Introducing Chemical Knowledge into the MCS

The MCS search is based on two types of chemical constraints – a bond-sensitive MCS search and a bond-insensitive search. The bond sensitive module can be employed to screen compounds that mimic the substructure of the query molecule(s) based on the MCS. The bond-insensitive algorithm can be used for atom-atom mapping in a reaction where the focus is on bond changes, thus leading to a better understanding of the structural changes that emerge during a reaction. The runtime of the bond insensitive algorithm is longer than the bond-sensitive search as the former leads to an exponential increase in the search space. The SMSD software also contains several similarity (i.e. Tanimoto etc.) and distance descriptors (i.e. Euclidean etc.), which can be used as filters.

An MCS algorithm usually reports more than one solution when matching two molecules. Thus, even when the molecules are of identical size and chemical shape, there can be more than one feasible set of the MCS solutions (for example two benzene rings may have multiple MCS solutions but the solution can be filtered/constraint by chemical knowledge such as bond type).

We propose a chemically aware post-filtering (Figure 2) subroutine that deals with the ambiguous solutions arising from the MCS search. There are three filters applied:

a. Specific matching of the chemical functional groups, bond types (aromatic, non-aromatic, double, single etc.) and stereochemistry, e.g. phosphate, -SH, nitrite etc. are identified and matched.

b. The resulting solutions are sorted in ascending order of the total bond breaking energy (energy required to break the bonds between matched parts and unmatched parts) required by this MCS match (i.e. lowest energy is highest ranked).

c. The best set of solutions are chosen based on the above two steps and the solutions are then sorted in decreasing order according to the number of fragments generated if the matched part of the molecule is removed from the reference structure (i.e. if a three member ring is matched to a single ring structure then solutions which match the rings on the periphery are preferred over the central ring).

This leads to a set(s) of chemically relevant MCS solutions, keeping intact the chemical significance of the reported substructures.

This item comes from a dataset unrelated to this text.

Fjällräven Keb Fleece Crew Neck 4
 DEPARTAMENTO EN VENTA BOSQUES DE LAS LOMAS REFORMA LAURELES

SMSD (Small Molecule Subgraph Detector)

SMSD is a combination of various algorithms (i.e. CDMCS, MCS+ and VF+ Lib). The decision to use an algorithm is purely based on the complexity of the input molecule. For example molecules, which potentially can be a subgraph based on atoms are handled by VF+ Lib first. Molecules whose bond count and atoms count are not equal are first matched by CDKMCS. If the solution is not computed within a limited time (i.e. timeout occurs) then it's passed to the MCS+, which starts the search from the scratch (i.e. solutions from CDKMCS is ignored). If the d-edge count is more than 99,999 then VF+ Lib is used to find MCS, as this is very efficient in handling medium and large sized graphs. McGregor further extends solution generated by VF+ Lib where possible to find MCS. A turbo-matching option was introduced in the SMSD, to return the first MCS match.

The MCS solution(s) are then passed to the chemical filters, which ranks the solutions in a chemically meaningful way. Thus we get chemically relevant MCS solutions computed in polynomial time.

Results and Discussion

The MCS in the SMSD was benchmarked (Figure 4) against the standard MCS module available in the CDK [30]. A random test set of 50,000 comparisons between PDB HET molecules [28] and KEGG ligands [27, 35] was created. This list was filtered so that no comparison was repeated either with the same target and query, or vice versa. Thirty-eight examples in the test set did not find any similarity in either of the systems (CDKMCS and SMSD) due to unrecognised atom types, corresponding to heavy metal atoms in HET groups. This reduced the comparisons list to 49,962 jobs. The SMSD was able to compute all the jobs (except one which ran for more than an hour) while the native CDK-MCS failed to finish 24 jobs (~0.4%), mostly due to time-out or errors (jobs which ran more than 12 hours were automatically terminated by the machine).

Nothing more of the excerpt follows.